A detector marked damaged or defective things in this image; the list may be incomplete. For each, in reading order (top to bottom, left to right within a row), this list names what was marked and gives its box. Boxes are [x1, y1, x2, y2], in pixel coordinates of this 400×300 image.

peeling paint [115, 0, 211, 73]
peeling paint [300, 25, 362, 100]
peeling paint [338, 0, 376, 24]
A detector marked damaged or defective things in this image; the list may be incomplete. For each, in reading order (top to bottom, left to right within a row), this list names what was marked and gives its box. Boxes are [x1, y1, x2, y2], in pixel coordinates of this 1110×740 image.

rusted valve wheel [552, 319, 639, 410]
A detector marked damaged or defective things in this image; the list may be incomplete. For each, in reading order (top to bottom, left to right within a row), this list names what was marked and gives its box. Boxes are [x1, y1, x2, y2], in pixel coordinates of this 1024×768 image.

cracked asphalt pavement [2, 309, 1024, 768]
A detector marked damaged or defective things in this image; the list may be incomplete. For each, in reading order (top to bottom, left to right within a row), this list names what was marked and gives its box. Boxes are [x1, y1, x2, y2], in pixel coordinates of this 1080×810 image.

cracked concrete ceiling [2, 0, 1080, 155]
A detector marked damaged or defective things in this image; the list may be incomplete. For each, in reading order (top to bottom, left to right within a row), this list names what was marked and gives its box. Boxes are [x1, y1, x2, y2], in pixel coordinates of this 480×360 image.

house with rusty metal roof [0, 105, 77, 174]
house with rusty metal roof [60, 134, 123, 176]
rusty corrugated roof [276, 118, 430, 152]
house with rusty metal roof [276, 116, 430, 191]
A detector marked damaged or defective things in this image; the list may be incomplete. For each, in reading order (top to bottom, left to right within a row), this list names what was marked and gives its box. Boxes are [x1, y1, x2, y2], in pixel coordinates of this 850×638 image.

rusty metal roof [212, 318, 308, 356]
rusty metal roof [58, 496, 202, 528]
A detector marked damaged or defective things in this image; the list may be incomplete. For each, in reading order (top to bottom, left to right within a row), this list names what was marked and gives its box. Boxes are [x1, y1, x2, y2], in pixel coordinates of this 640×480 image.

※

● ACTIVITY: With the line containing "this 1024×768 image." as the first and the last line above as the final one, copy those lines exactly and no others.

● TASK RESULT:
A detector marked damaged or defective things in this image; the list may be incomplete. For each, in reading order (top to bottom, left to right within a row), this list names what was marked and gives its box. Boxes are [x1, y1, x2, y2], in pixel coordinates of this 1024×768 image.

cracked asphalt pavement [2, 309, 1024, 768]
A detector marked damaged or defective things in this image; the list may be incomplete. For each, in reading order (top to bottom, left to right within a row), this list names what was marked and gives its box. Boxes are [x1, y1, x2, y2], in pixel coordinates of this 1080×810 image.

cracked concrete ceiling [2, 0, 1080, 155]
A detector marked damaged or defective things in this image; the list may be incomplete. For each, in reading order (top to bottom, left to right within a row), this list names what was marked and gives its box. Boxes are [x1, y1, x2, y2], in pixel coordinates of this 480×360 image.

house with rusty metal roof [0, 105, 77, 174]
house with rusty metal roof [60, 134, 123, 176]
rusty corrugated roof [276, 118, 430, 152]
house with rusty metal roof [276, 116, 430, 191]
A detector marked damaged or defective things in this image; the list may be incomplete. For each, in reading order (top to bottom, left to right within a row), this list names what was marked and gives its box. Boxes are [x1, y1, x2, y2], in pixel coordinates of this 850×638 image.

rusty metal roof [212, 318, 308, 356]
rusty metal roof [58, 496, 202, 528]
A detector marked damaged or defective things in this image; the list may be incomplete. For each, in reading order (top to bottom, left to right within a row), this list names what was marked and gives its box. Boxes are [x1, y1, x2, y2], in pixel coordinates of this 640×480 image.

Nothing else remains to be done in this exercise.